• Task directions:
Your task is to restate every entry below word for word and omit the images.

- - -

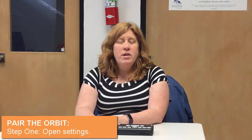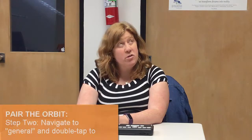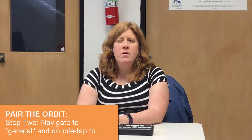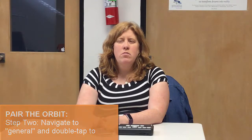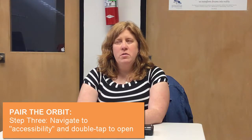Now in Settings, we need to go to Accessibility — or actually we need to go to General first. Now we found the General settings, so we're going to double tap. Now we're in Settings, so now we have to find Accessibility. And here it is. Double tap.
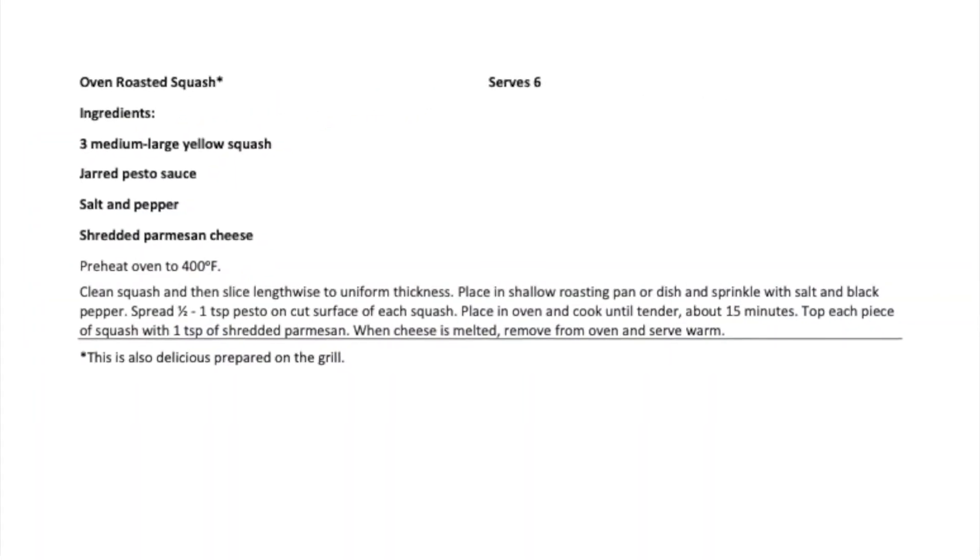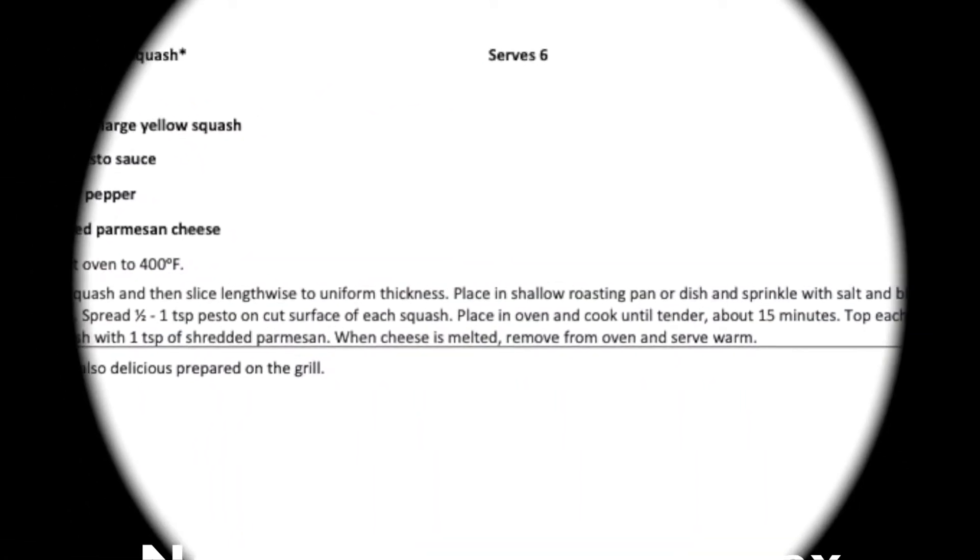Well, that's the preparation of our squash recipes for the day, and I hope you will try these at home. They are all, as you can see, quick and easy and not expensive, and I hope you enjoy them. We'll see you next time.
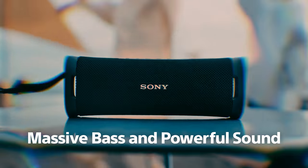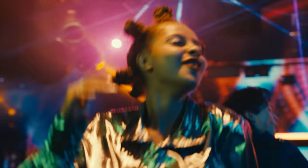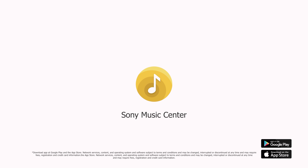Hello there. If you're watching this video, it's very likely that you just recently purchased a Sony wireless speaker. That amazing audio quality you're already experiencing can be improved even more with the Sony Music Center app.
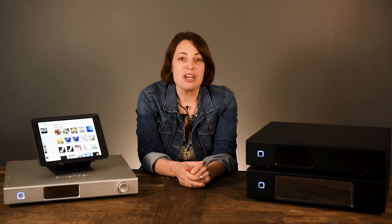Stay tuned for our next video, where we'll take a deeper dive into what makes Aurender unique. For even more information about Aurender, check out our complete guide, which we'll link to. If you have any questions, leave us a comment. And if you don't want to miss any of our latest audiophile news, be sure to hit that subscribe button. Thanks for watching.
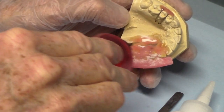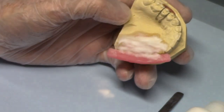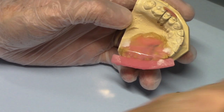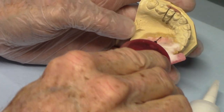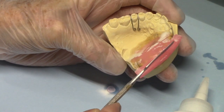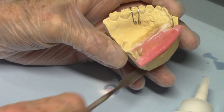Now this model, since this is just for demonstration purposes, I haven't put separator on it. It may bubble. Doesn't matter — you can see what I'm doing. You can scrape that back, and that works pretty well. But it takes a little bit of time to put that wax on.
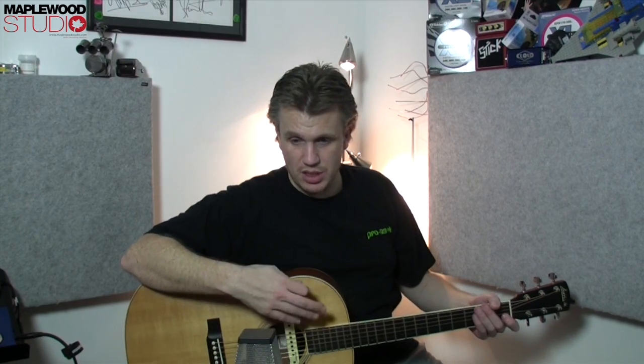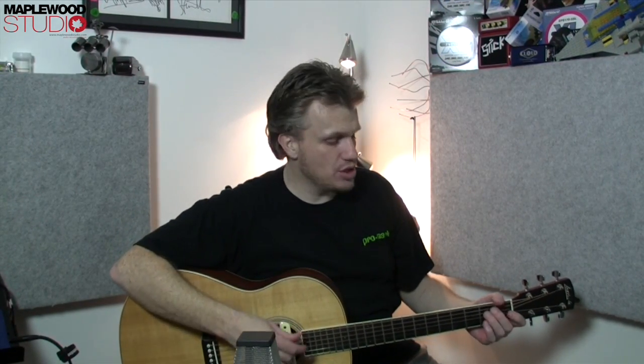So now we've got the RME Babyface inputs 1 and 2, mic preamps 1 and 2. They're set to 36 decibels of gain — it's either 34 or 36, so I went for 36. Same mic placement — I haven't tried to be exactly in the same place, but I'm pointing the guitar as square onto the microphone as possible again. So let's hear how these sound.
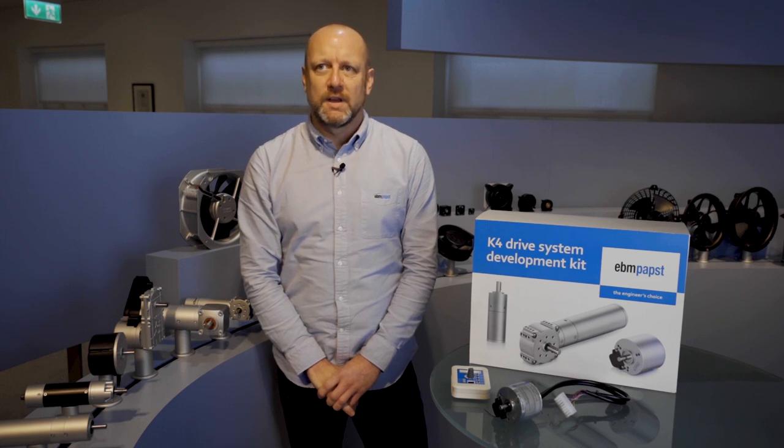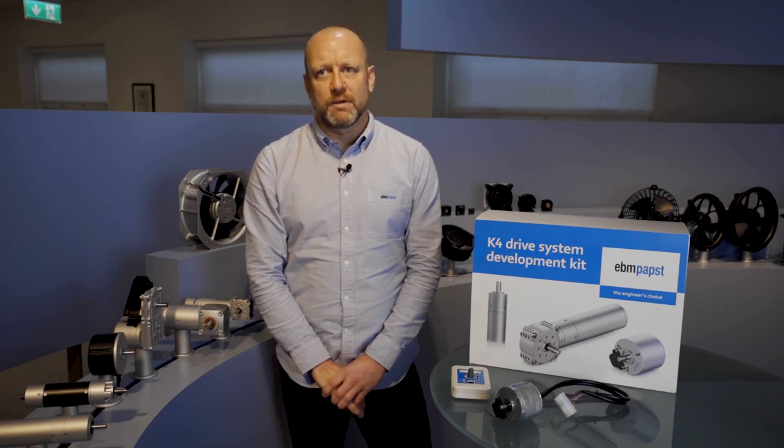There are a range of video tutorials, from unboxing through to running and programming the motor. There are also some development and application stories. These are all available through the RS, DesignSpark and EBM Pabst websites. There are also a number of manuals, a quick start guide that comes with the kit and also a full programming manual. Finally, we have an online configuration tool enabling you to optimise your drive solution. This also provides 3D models, data sheets and drawings for your project.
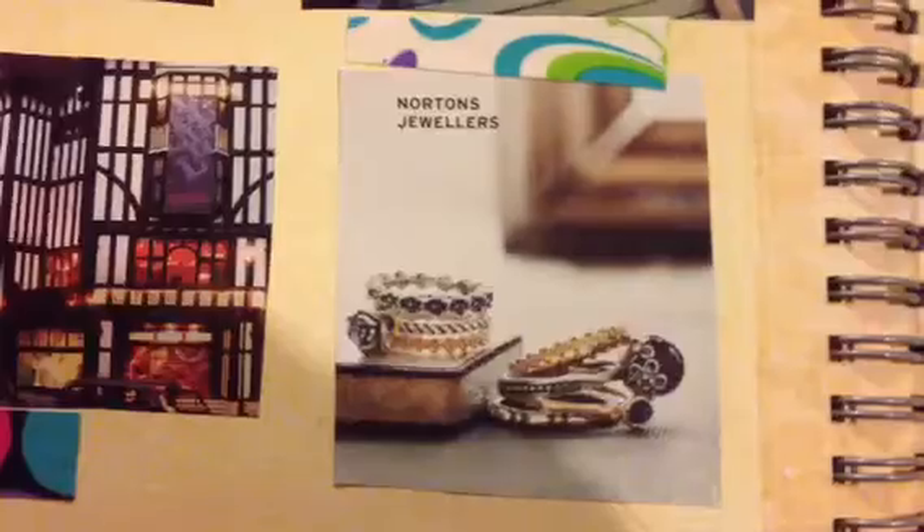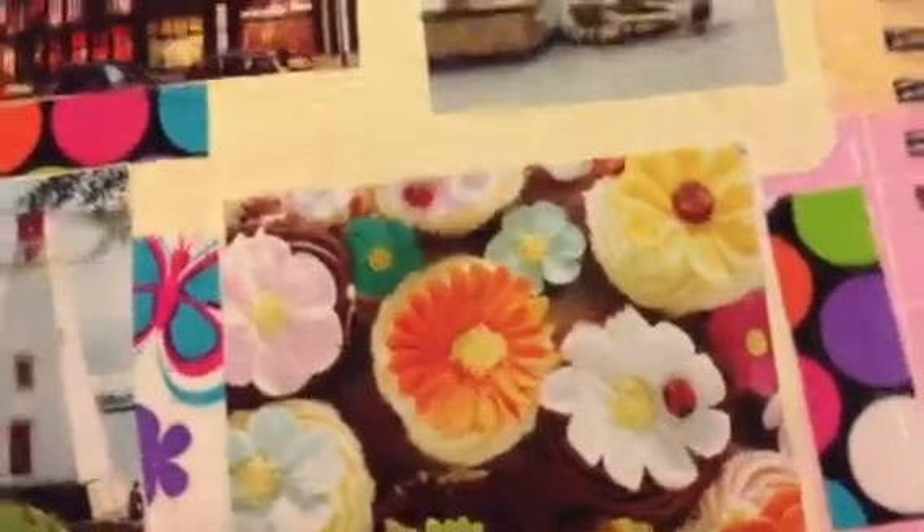And then the last page that I did — I know this video is pretty short — I added some more photos to this page. First there's this one and it's like jewelry, and then there's like a lighthouse type thing. Not really sure. And then this is like cupcake flower things.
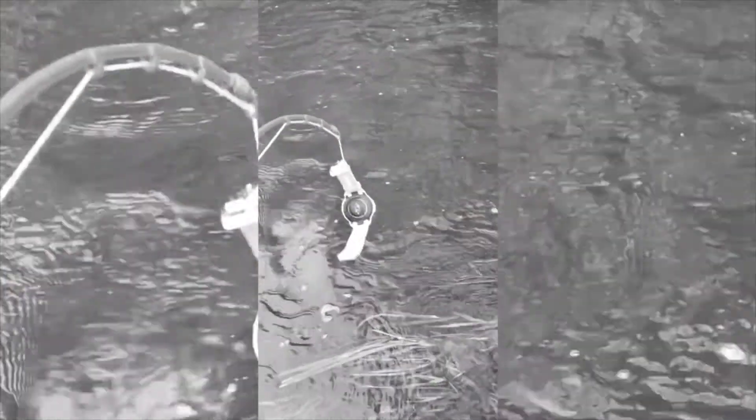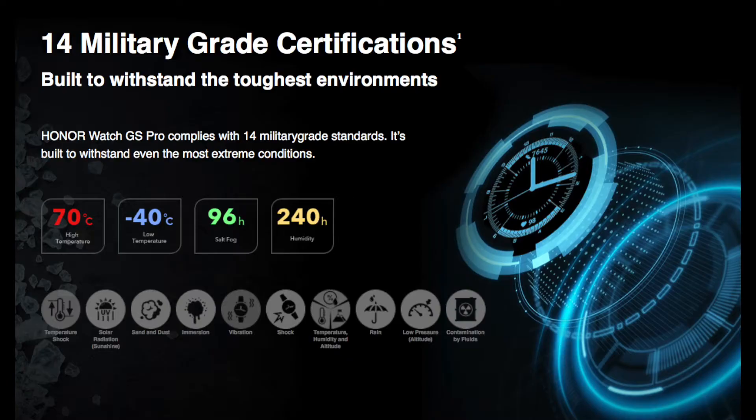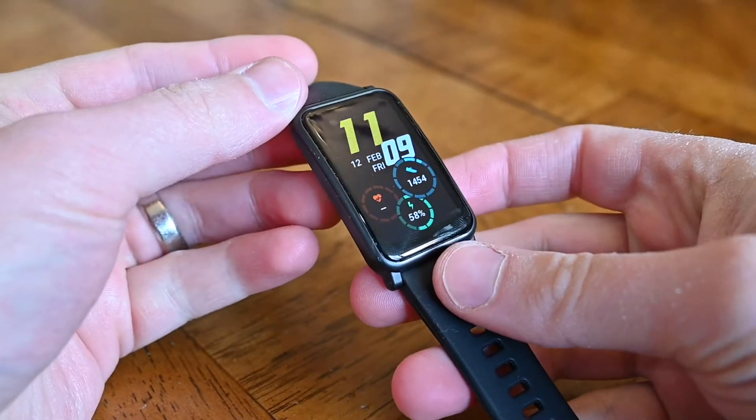With the GS Pro I put it through some particularly horrifying and nasty experiences to see how tough it was. Now that watch in particular is a rugged piece of equipment — it has the military standard 810G classification and is designed to withstand all that. On the other side of things, the Honor Watch ES is not trying to be a GS Pro, so I'm not going to be throwing it under a car or off a cliff. But it still has the 5 ATM water resistance, so I thought I'd see how this works.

- - -

• Output of the task:
Now in Settings, we need to go to Accessibility — or actually we need to go to General first. Now we found the General settings, so we're going to double tap. Now we're in Settings, so now we have to find Accessibility. And here it is. Double tap.
Well, that's the preparation of our squash recipes for the day, and I hope you will try these at home. They are all, as you can see, quick and easy and not expensive, and I hope you enjoy them. We'll see you next time.
Hello there. If you're watching this video, it's very likely that you just recently purchased a Sony wireless speaker. That amazing audio quality you're already experiencing can be improved even more with the Sony Music Center app.
Stay tuned for our next video, where we'll take a deeper dive into what makes Aurender unique. For even more information about Aurender, check out our complete guide, which we'll link to. If you have any questions, leave us a comment. And if you don't want to miss any of our latest audiophile news, be sure to hit that subscribe button. Thanks for watching.
Now this model, since this is just for demonstration purposes, I haven't put separator on it. It may bubble. Doesn't matter — you can see what I'm doing. You can scrape that back, and that works pretty well. But it takes a little bit of time to put that wax on.
So now we've got the RME Babyface inputs 1 and 2, mic preamps 1 and 2. They're set to 36 decibels of gain — it's either 34 or 36, so I went for 36. Same mic placement — I haven't tried to be exactly in the same place, but I'm pointing the guitar as square onto the microphone as possible again. So let's hear how these sound.
There are a range of video tutorials, from unboxing through to running and programming the motor. There are also some development and application stories. These are all available through the RS, DesignSpark and EBM Pabst websites. There are also a number of manuals, a quick start guide that comes with the kit and also a full programming manual. Finally, we have an online configuration tool enabling you to optimise your drive solution. This also provides 3D models, data sheets and drawings for your project.
And then the last page that I did — I know this video is pretty short — I added some more photos to this page. First there's this one and it's like jewelry, and then there's like a lighthouse type thing. Not really sure. And then this is like cupcake flower things.
With the GS Pro I put it through some particularly horrifying and nasty experiences to see how tough it was. Now that watch in particular is a rugged piece of equipment — it has the military standard 810G classification and is designed to withstand all that. On the other side of things, the Honor Watch ES is not trying to be a GS Pro, so I'm not going to be throwing it under a car or off a cliff. But it still has the 5 ATM water resistance, so I thought I'd see how this works.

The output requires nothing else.